# WHAT IS NEEDED
Word for word, restate the lines of the data below between those holding "unfurnished room with" and "truck passing on", inclusive; pictures do not belong in the copy.

# RECORDS FOR THIS EXERCISE
####

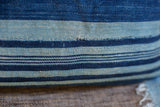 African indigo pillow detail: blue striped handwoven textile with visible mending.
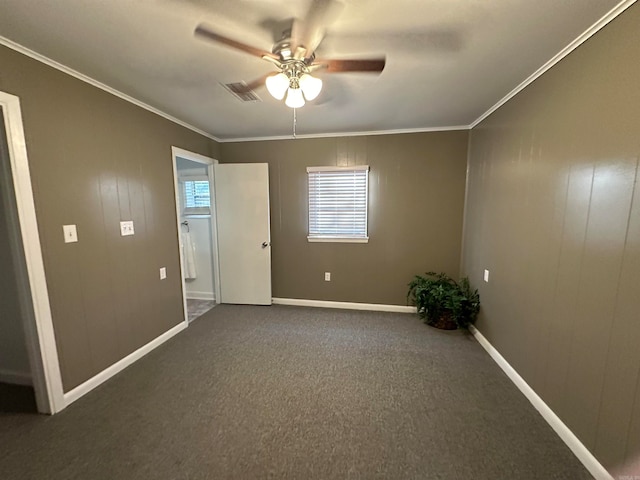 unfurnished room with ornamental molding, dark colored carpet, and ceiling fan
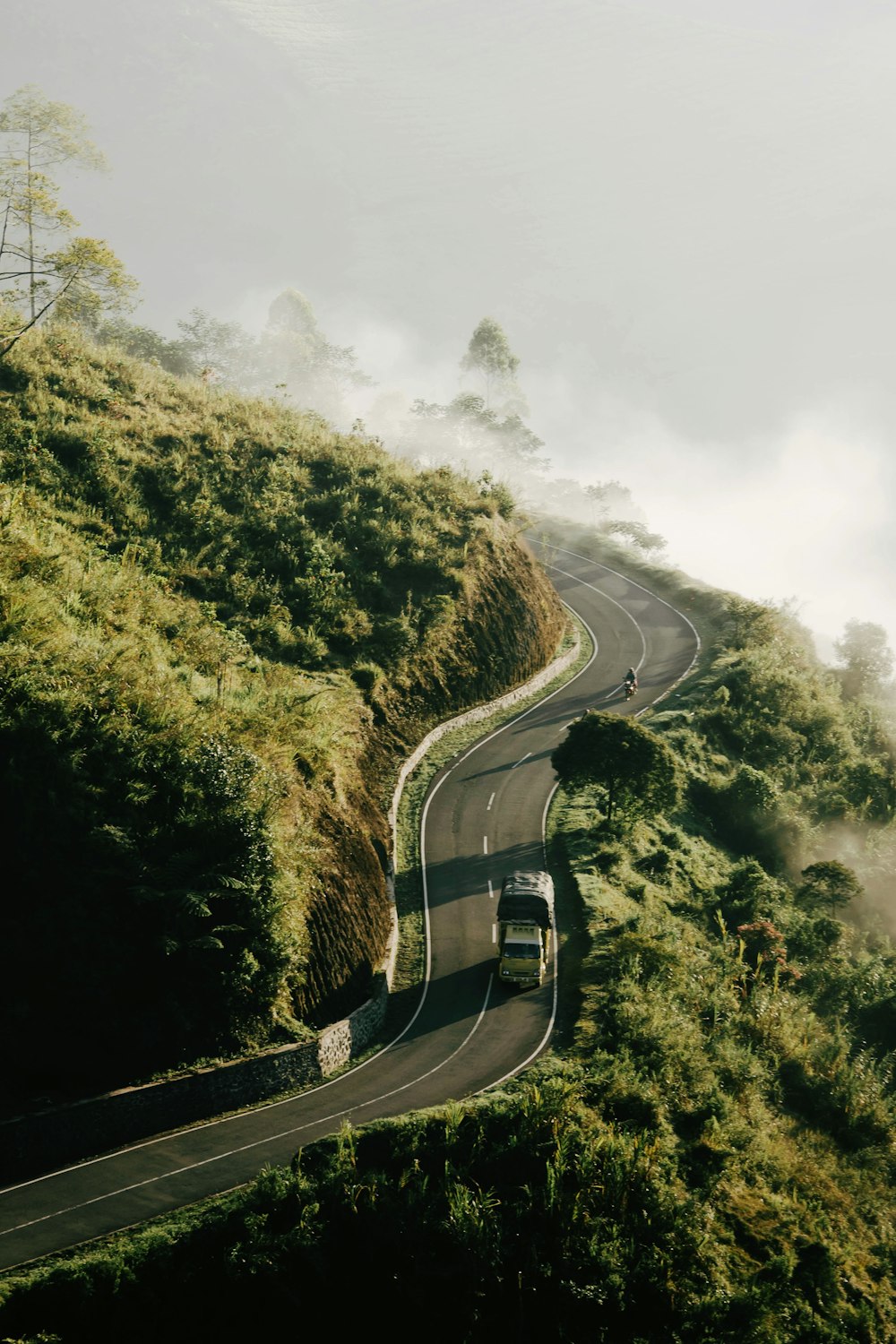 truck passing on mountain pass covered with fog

####

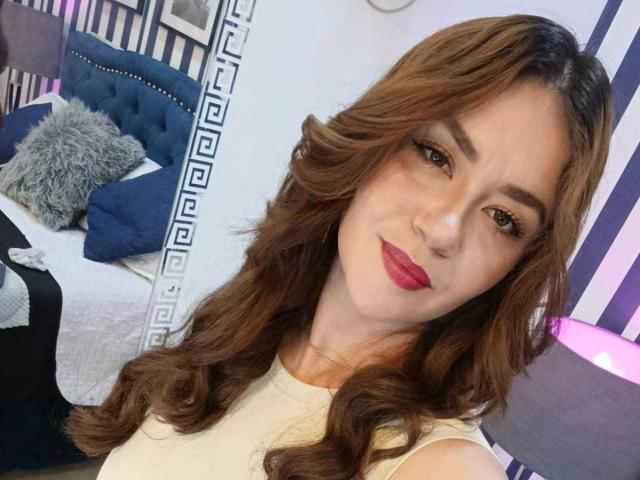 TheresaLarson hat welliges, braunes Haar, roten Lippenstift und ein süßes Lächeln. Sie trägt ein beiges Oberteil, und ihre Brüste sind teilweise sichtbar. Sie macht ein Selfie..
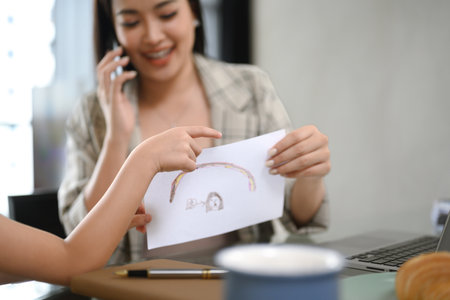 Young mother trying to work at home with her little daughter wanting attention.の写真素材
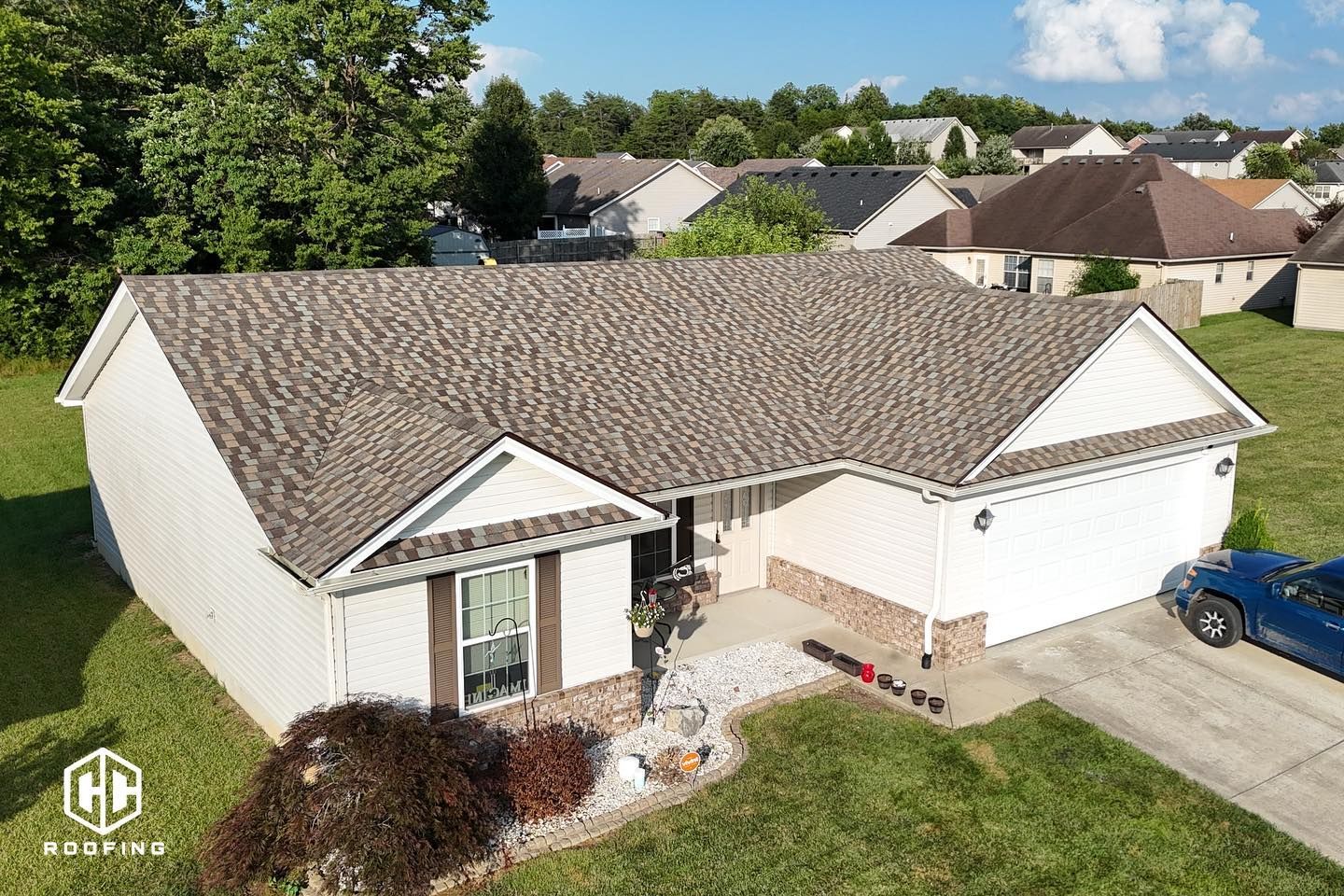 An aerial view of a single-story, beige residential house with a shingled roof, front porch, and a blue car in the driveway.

####

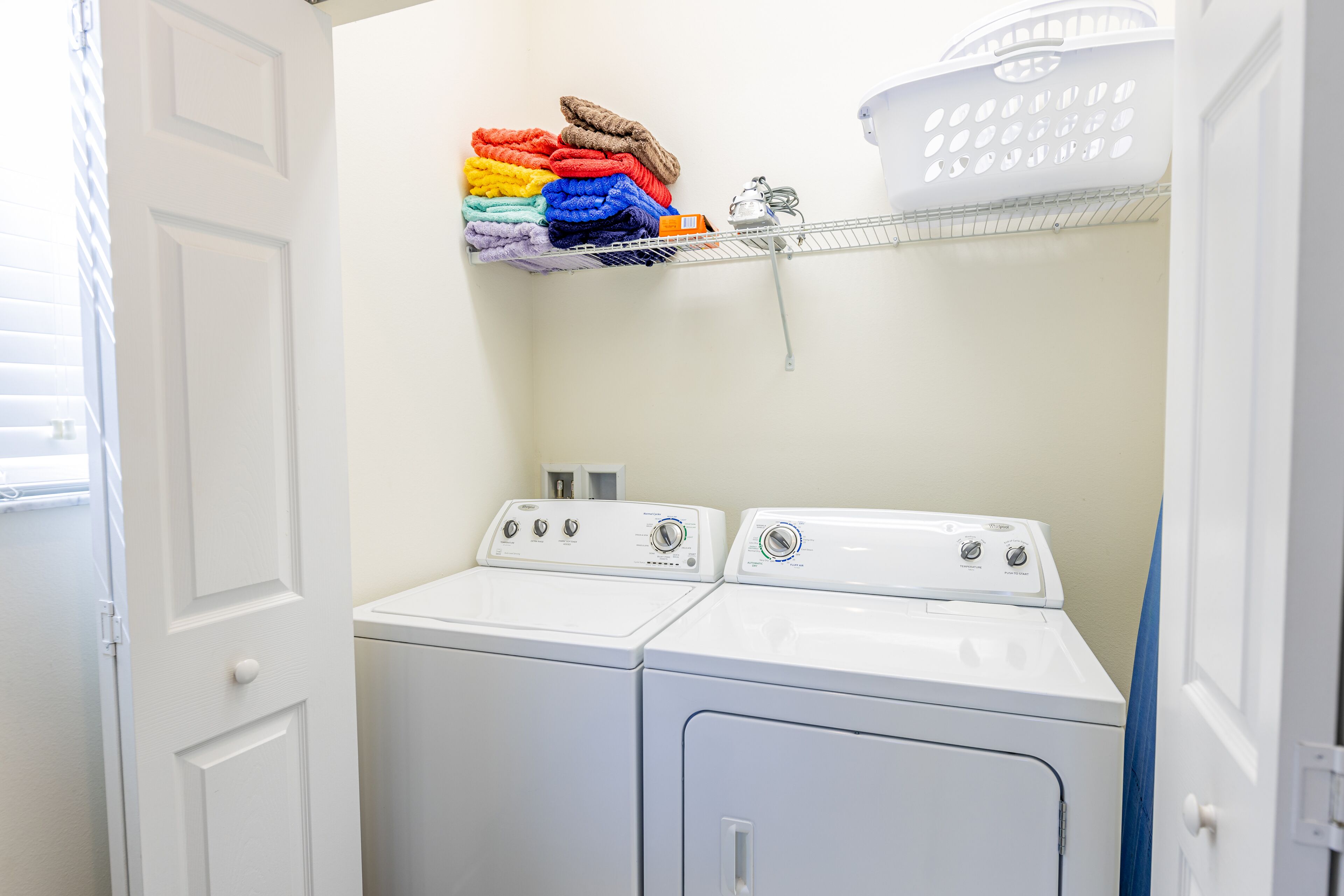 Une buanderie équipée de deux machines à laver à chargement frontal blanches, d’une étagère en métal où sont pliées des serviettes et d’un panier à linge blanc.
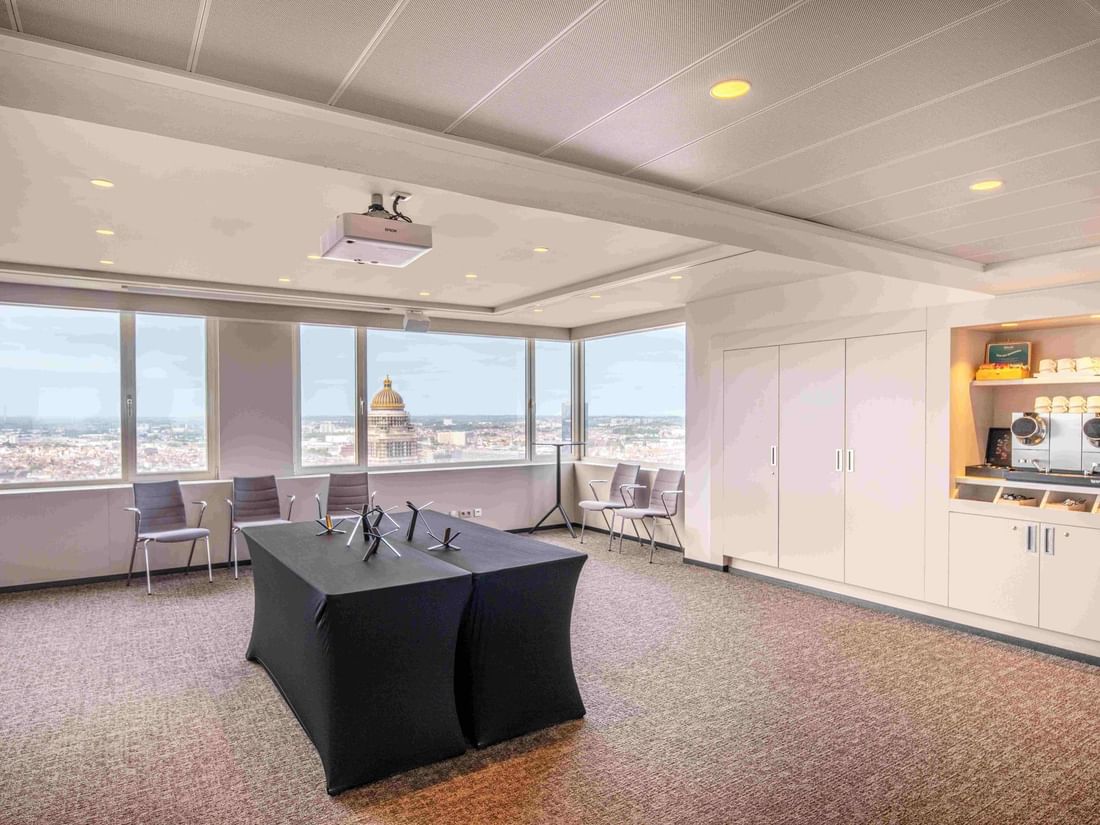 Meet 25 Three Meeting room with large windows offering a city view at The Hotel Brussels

####

# FINISHED TASK
 unfurnished room with ornamental molding, dark colored carpet, and ceiling fan
 truck passing on mountain pass covered with fog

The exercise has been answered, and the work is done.